[Short web captions]
%%
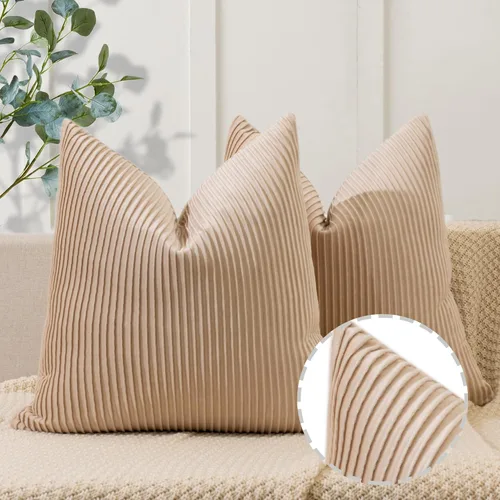 Miniatura 8 de YCOLL Juego de 2 fundas de almohada beige de 18 x 18 pulgadas, patrón de rayas de terciopelo, almohadas suaves para decoración del hogar, fundas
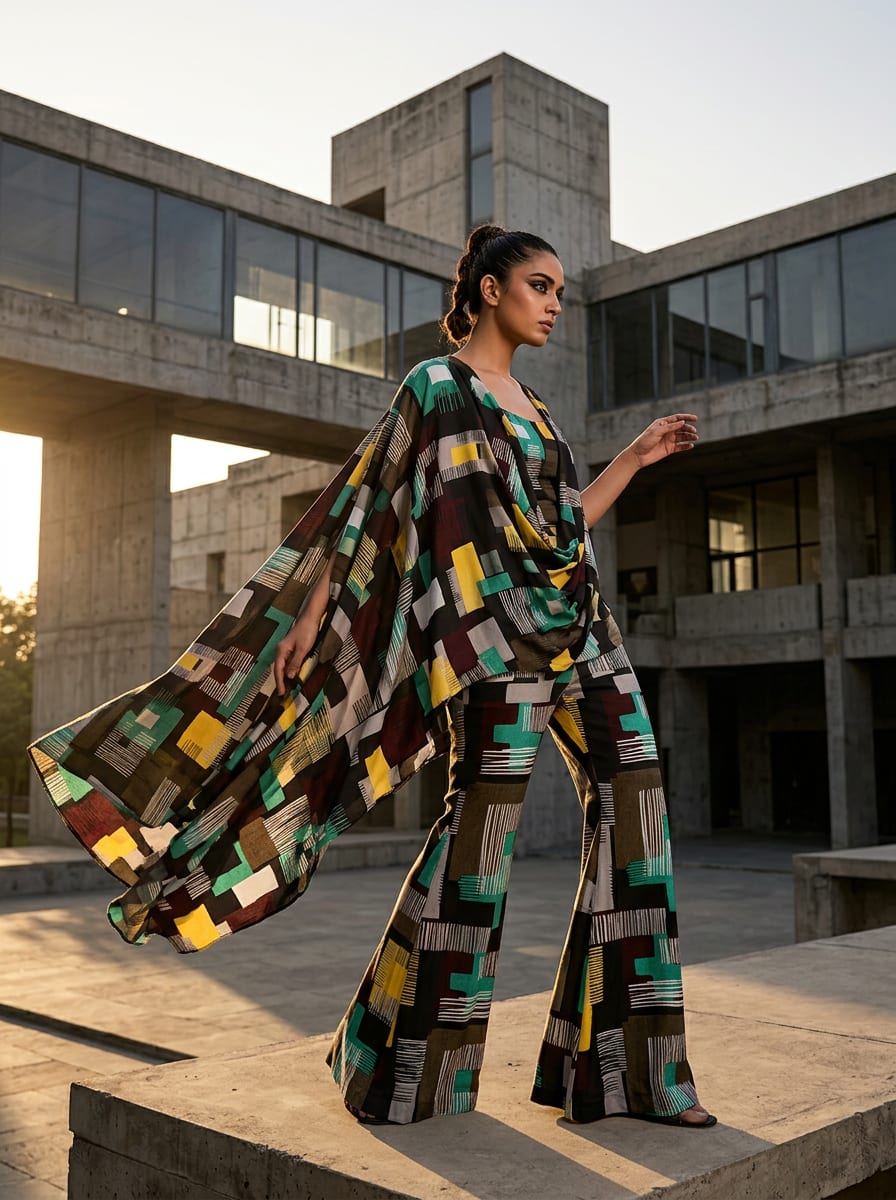 Multicolor Abstract Geometric Blocks Silk Crepe Digital Printed Fabric
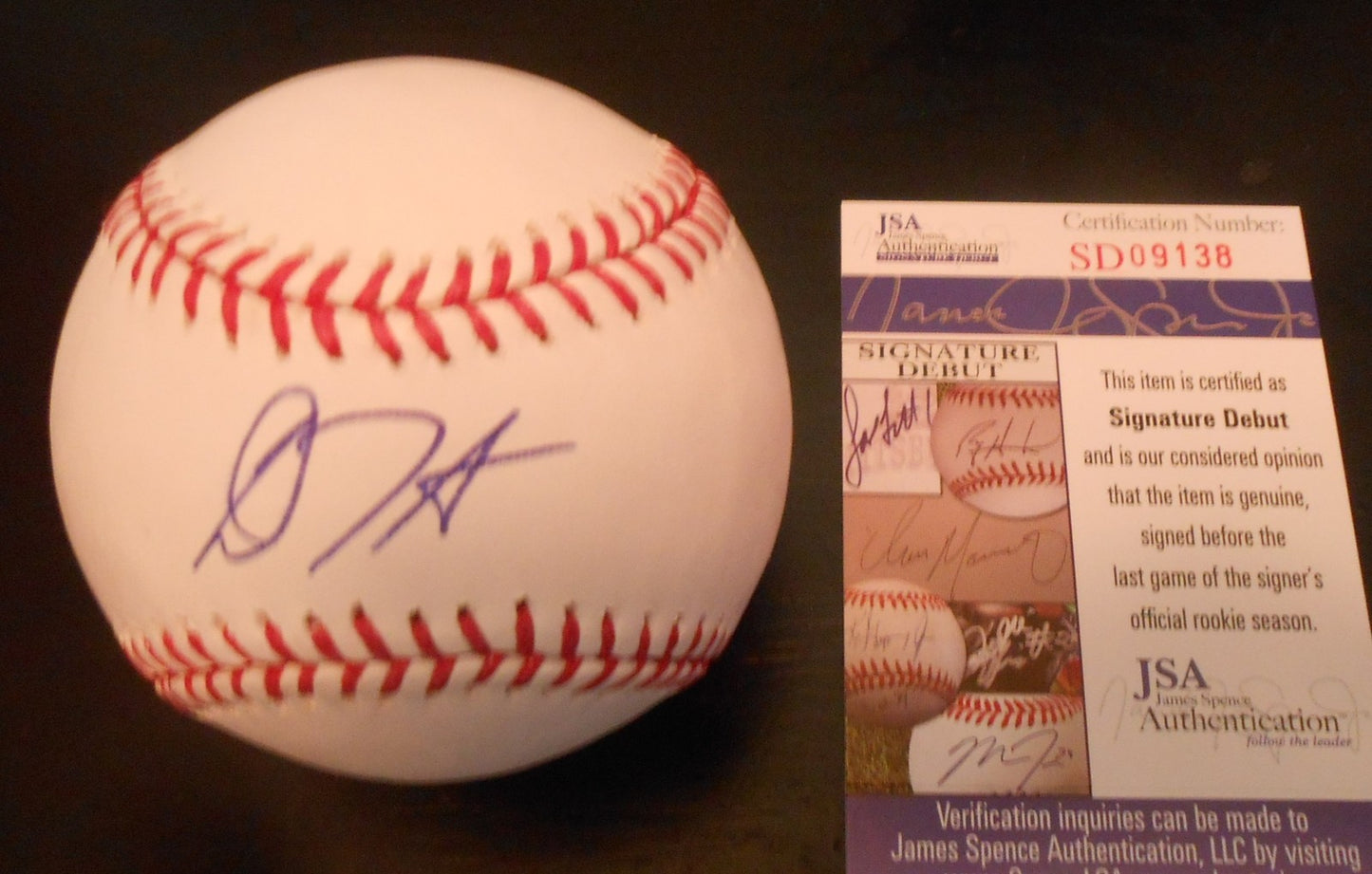 Dillon Tate Signed Official Major League Baseball w/JSA COA Signature Debut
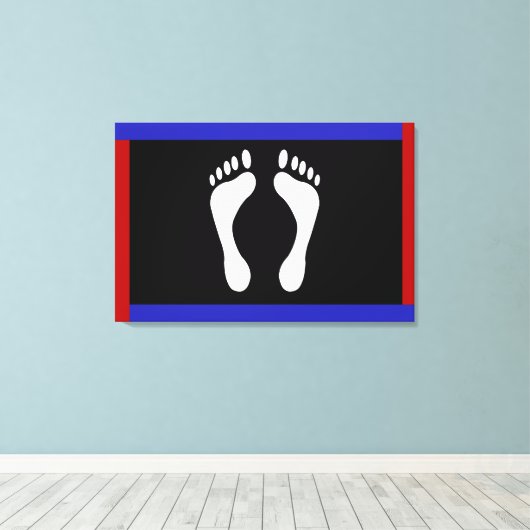 Foot Pride Flag (voetafdruk) Canvas Afdruk (Insitu (Houten vloer))
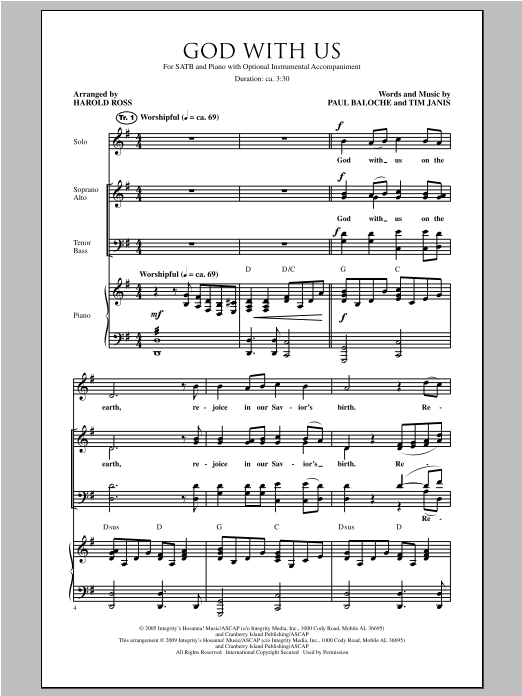 Harold Ross God With Us Sheet Music Notes & Chords for SATB - Download or Print PDF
%%
What you will do:
Reproduce every line above exactly, pictures excluded.

Completed task:
 Miniatura 8 de YCOLL Juego de 2 fundas de almohada beige de 18 x 18 pulgadas, patrón de rayas de terciopelo, almohadas suaves para decoración del hogar, fundas
 Multicolor Abstract Geometric Blocks Silk Crepe Digital Printed Fabric
 Dillon Tate Signed Official Major League Baseball w/JSA COA Signature Debut
 Foot Pride Flag (voetafdruk) Canvas Afdruk (Insitu (Houten vloer))
 Harold Ross God With Us Sheet Music Notes & Chords for SATB - Download or Print PDF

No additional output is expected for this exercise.